De acordo com um relatório do Banco de Moçambique, as exportações de algodão de janeiro a setembro totalizaram meros US$ 11,9 milhões (€ 11,1 milhões), uma queda acentuada em relação aos US$ 30,3 milhões (€ 28,3 milhões) registrados no mesmo período do ano passado. Essa queda, o relatório atribui, principalmente a uma redução de 8% nos preços globais da fibra de algodão.
Apesar desse revés financeiro, a produção nacional de algodão na verdade teve um aumento modesto, atingindo 24.000 toneladas. No entanto, esse número ficou aquém da ambiciosa meta do governo de 40.000 toneladas, atingindo apenas 60% da produção projetada.
A discrepância entre a produção e a receita de exportação destaca a vulnerabilidade do setor de algodão de Moçambique às flutuações do mercado global. Enquanto a área cultivada se expandiu para 96.523 hectares, ante 95.097 hectares, os retornos diminuíram, colocando pressão sobre os agricultores e a economia em geral.
Francisco Ferreira dos Santos, presidente da Associação Moçambicana do Algodão (AAM), enfatizou a importância histórica do algodão, observando sua contribuição de US$ 30 a US$ 50 milhões (€ 28 a € 46,7 milhões) anualmente em exportações na última década. Ele descreveu o algodão como uma “cultura quase sagrada, com efeitos catalíticos na economia e na demografia”.
Para mitigar o impacto da queda dos preços, o governo moçambicano introduziu um subsídio de cinco meticais (US$ 0,7) por quilo, visando estabilizar os preços e apoiar aproximadamente 600.000 agricultores. Esta intervenção buscou promover uma “cultura de confiança” e garantir os meios de subsistência daqueles que dependem da indústria do algodão.

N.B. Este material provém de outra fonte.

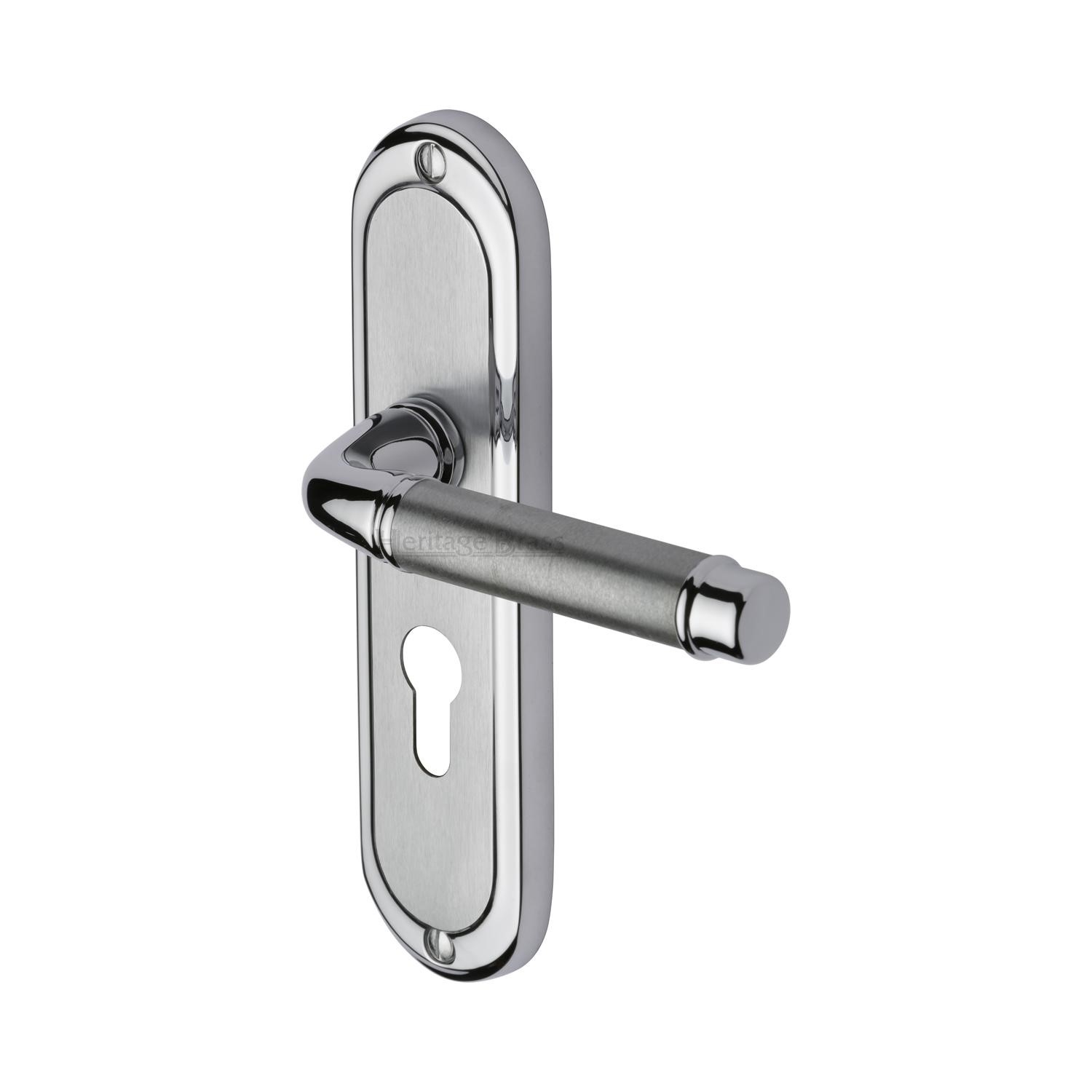 Heritage Brass Door Handle for Euro Profile Plate Saturn Design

No entanto, os desafios persistem. Fatores como chuvas irregulares devido ao fenômeno climático “El Niño”, a instabilidade contínua em Cabo Delgado, uma importante região produtora de algodão, e um excesso de oferta no mercado global contribuíram para o declínio do preço.
“Há pressão global de países onde há subsídios, o que está reduzindo o preço do algodão. Algodão demais está sendo produzido e os estoques estão aumentando”, explicou o ex-ministro da Agricultura e Desenvolvimento Rural, Celso Correia.
Moçambique, responsável por menos de 0,5% da produção global de algodão, encontra-se à mercê de um mercado dominado por gigantes como os Estados Unidos, China e Índia. A necessidade de intervenções estratégicas e diversificação para proteger o setor de mercados globais voláteis está se tornando cada vez mais aparente.